London Review of Books 20.03.2008 (UK)

Adam Shatz reviews Brynjar Lia's book "Architect of Global Jihad", a biography of the al-Qaeda strategist Abu Musab al-Suri who was imprisioned in 2005. But Shatz's real interest is in the "magnum opus," the war guide "The Global Islamic Resistance Call," which has its finger firmly on the pulse: "Though he embroiders his arguments with the occasional quote from the Koran, he clearly prefers to discuss the modern literature of guerrilla warfare. Jihadis who fail to learn from Western sources are ridiculed for their inability to 'think outside the box'. Just as weirdly familiar is al-Suri’s celebration of nomadic fighters, mobile armies, autonomous cells, individual actions and decentralisation, which recalls not only Deleuze and Guattari's 'Mille Plateaux', but the idiom of 'flexible' capitalism in the age of Google and call centres. His vision of jihadis training themselves in mobile camps and houses, presumably from their laptops, is not so far removed from our own off-site work world."

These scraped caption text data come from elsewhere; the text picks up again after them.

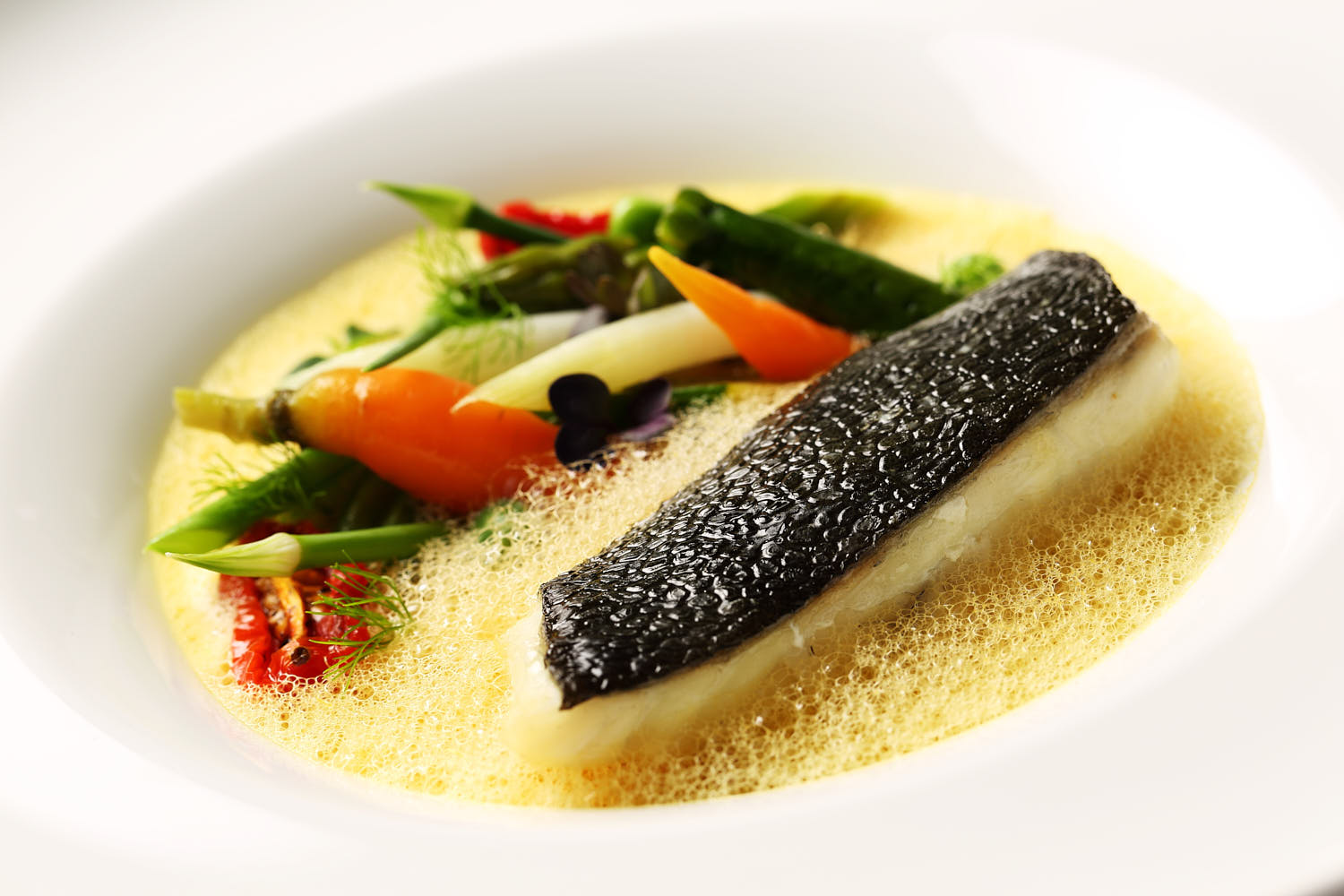 Baked Italian fish in a creamy white wine and lemon sauce, garnished with roasted garlic and thyme.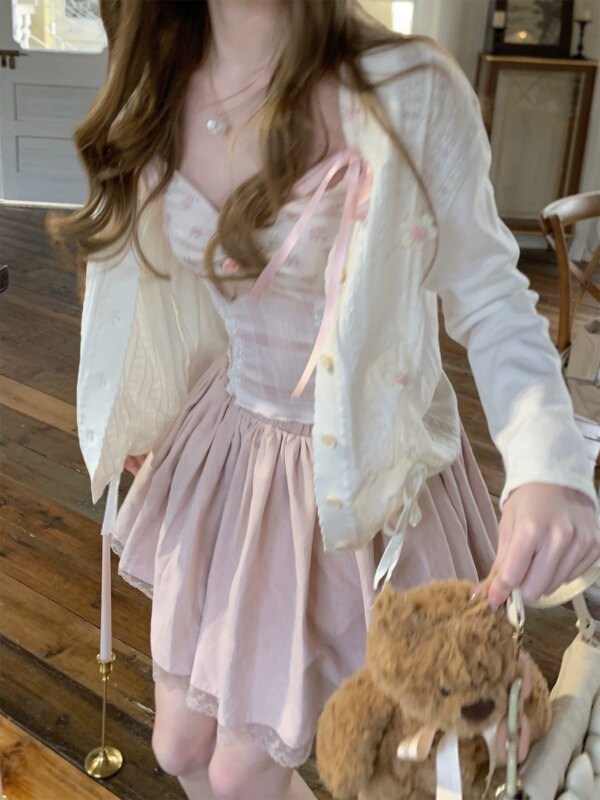 Teenage girl hugging flower cut-out floral knit cardigan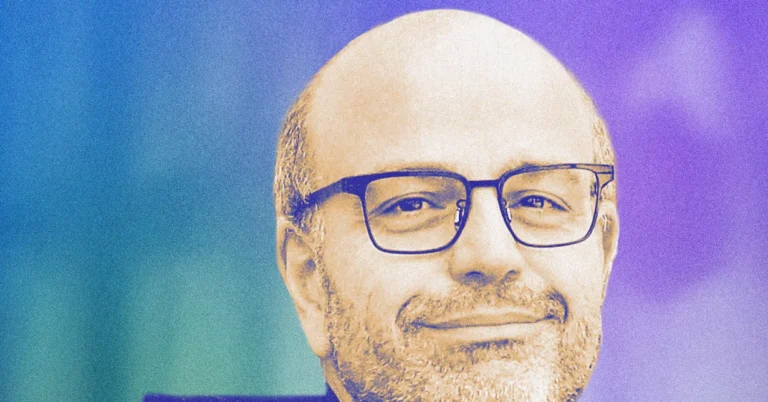 Man with glasses smiling against a gradient blue and purple background.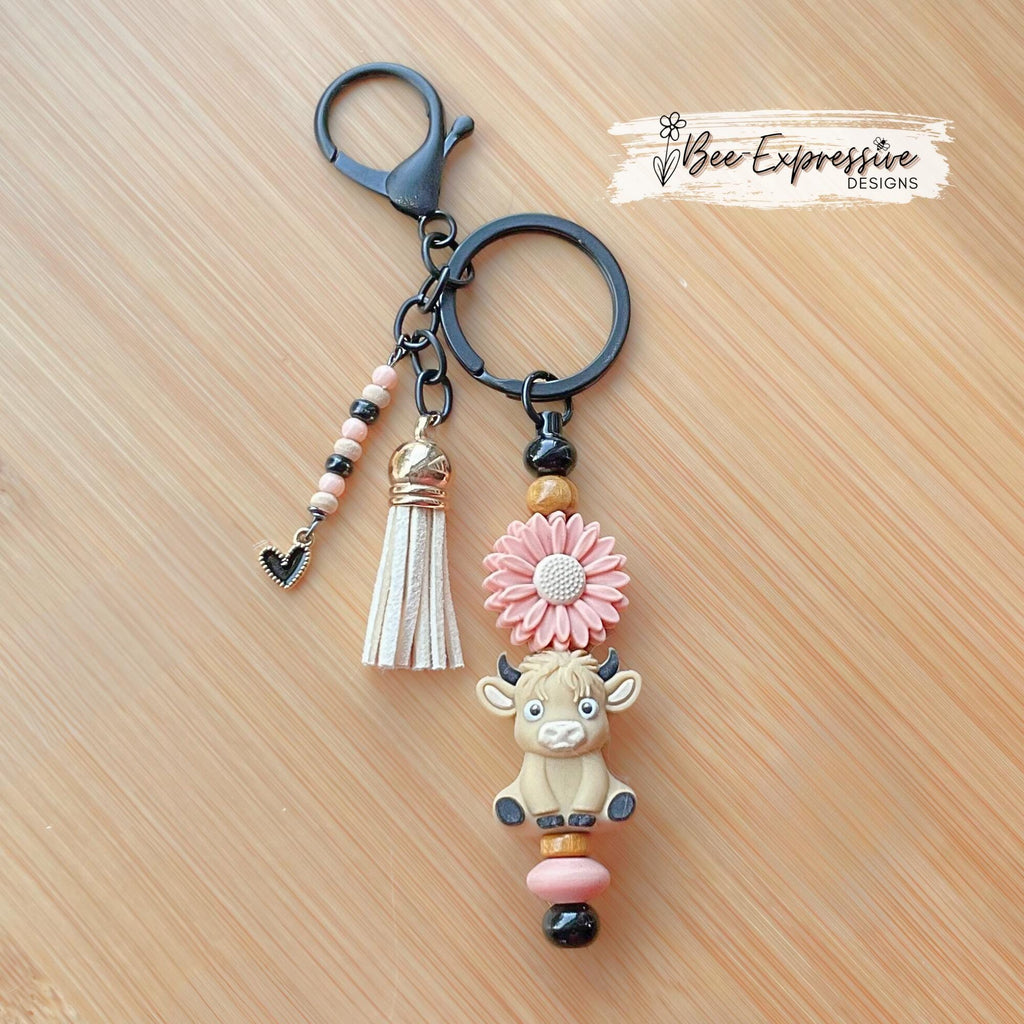 Beige 3D COW, BULL, beaded keychain! Lobster clasp, bead bar, daisy flower bead, silicone & wood beads, beaded tassel with black heart charm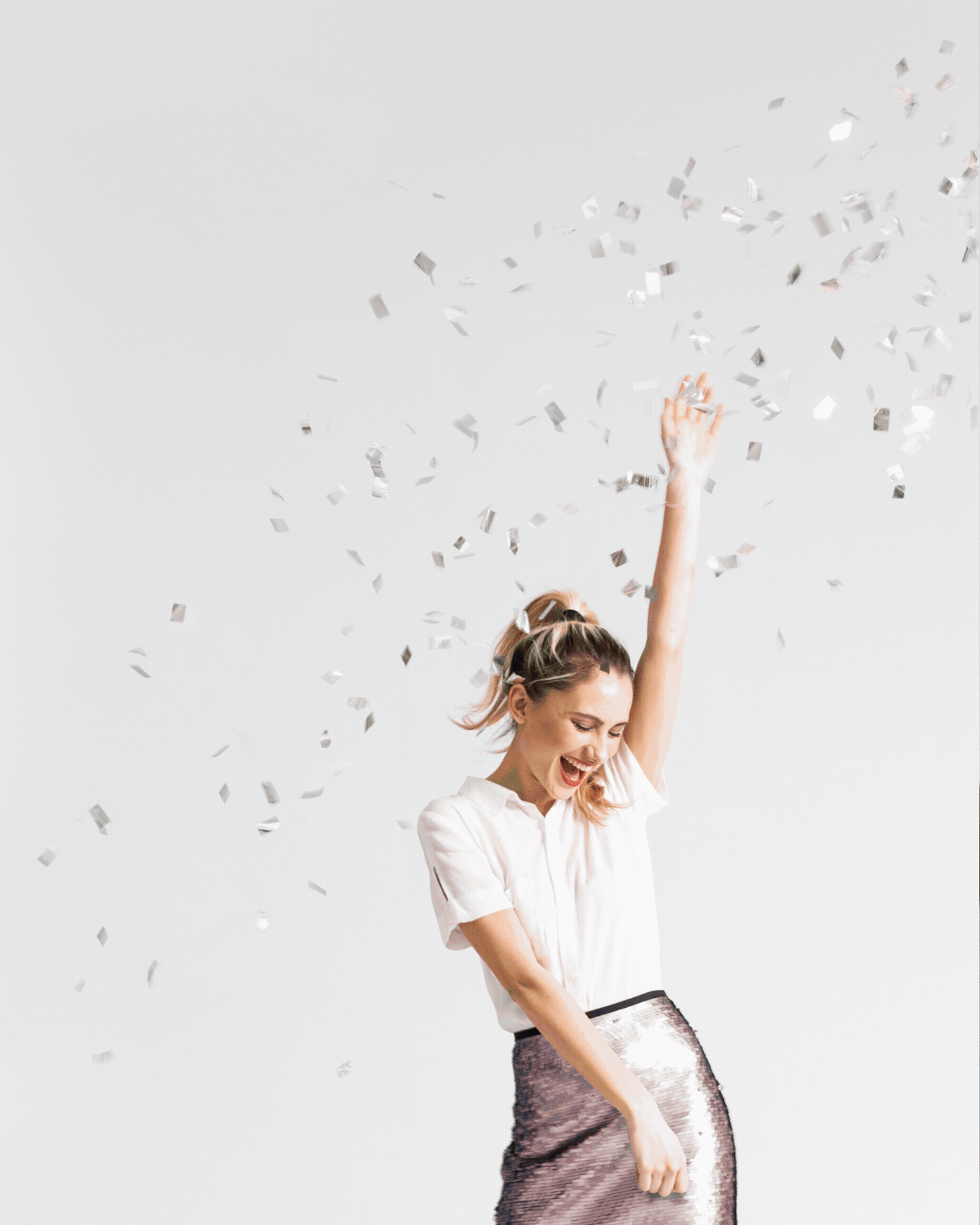 A woman in a white shirt and shiny skirt celebrating with her arm raised while confetti falls around her.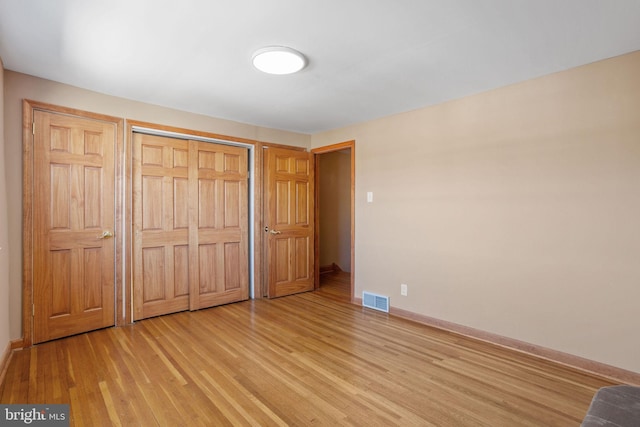 unfurnished bedroom featuring baseboards, visible vents, a closet, and light wood-type flooring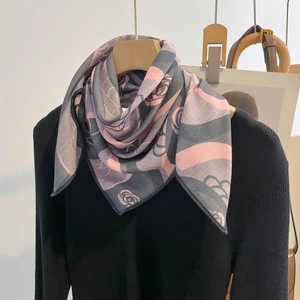 Pink and grey floral silk feel neck scarf displayed on a black sweater for women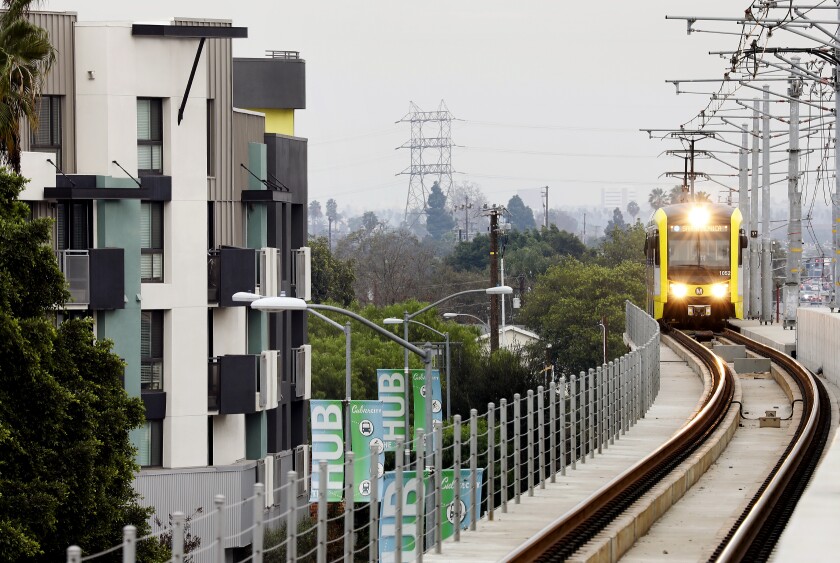A Metro train passes by apartments in Culver City.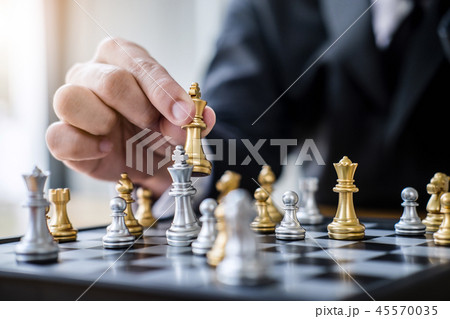 Hands of confident businessman playing chess game to development 45570035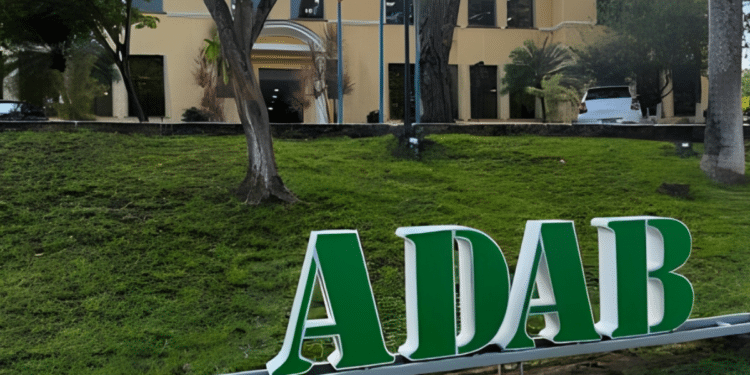 Letreiro verde com as letras ADAB na fachada de prédio institucional cercado por árvores e área verde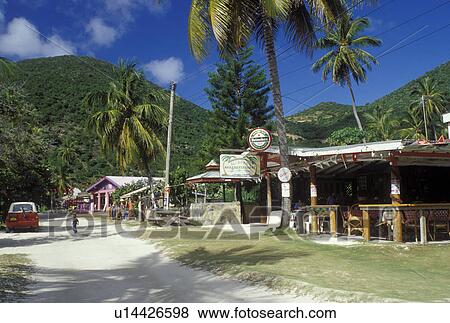 Stock Photo -  British Virgin Islands, Jost Van Dyke, Caribbean, BVI, Shops and restaurants on Main Street on Jost Van Dyke Island.. Fotosearch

Le Nouvel Observateur 20.03.2008 (France)

Chinese historian and college lecturer in California Song Yongyi – also a former Red Guard who was imprisoned in China on espionage charges and only released into American exile thanks to international pressure – has published a black book of the Cultural Revolution, in which he documents the full scope of the massacres carried out in its name: "Les Massacres de la Revolution culturelle." When asked about his role as a Red Guard and whether he also took part in the house searches and public self-criticism sessions, he replies: "No, because I don't come from a 'good' family. But also not from a 'bad' one. My father ran a large business. I couldn't take part in the first wave – with the old Red Guard – basically because it was reserved for the children of high-ranking cadres, and they had the right to kill. I belonged to the second wave known as the Rebellious Red Guards. I think that if I'd been given the opportunity, I would have behaved the same way as the members of the first wave did."



The New York Times 23.03.2008 (USA)

Oh the internet, always good for new revolutions!" Thomas Goetz writes in the Sunday supplement about the self-help website PatientsLikeMe where victims of chronic diseases like MS, Parkinson's or Aids can exchange their experiences. It might look like a 'Myspace' for patients at first, of which there are a multitude of sites, but Goetz points to a key difference: the patients at PatientsLikeMe produce "hard data". "The members of PatientsLikeMe don’t just share their experiences anecdotally; they quantify them, breaking down their symptoms and treatments into hard data. They note what hurts, where and for how long. They list their drugs and dosages and score how well they alleviate their symptoms. All this gets compiled over time, aggregated and crunched into tidy bar graphs and progress curves by the software behind the site. And it’s all open for comparison and analysis. By telling so much, the members of PatientsLikeMe are creating a rich database of disease treatment and patient experience."

In the Book Review Colm Toibin reviews the controversial new book from Nicholson Baker "Human Smoke", (first chapter), in which Baker decries the war crimes of the western allies in the Second World War, and asks what chances pacifist politics could have had on a global level. (For Toibin, the book's narrative construction and its skillful construction make it "a serious and conscientious contribution to the debate about pacifism"). There is also a review of Martha Nussbaum's new book about religious tolerance (more here) and of Sarah Boxer's anthology "The Ultimate Blog."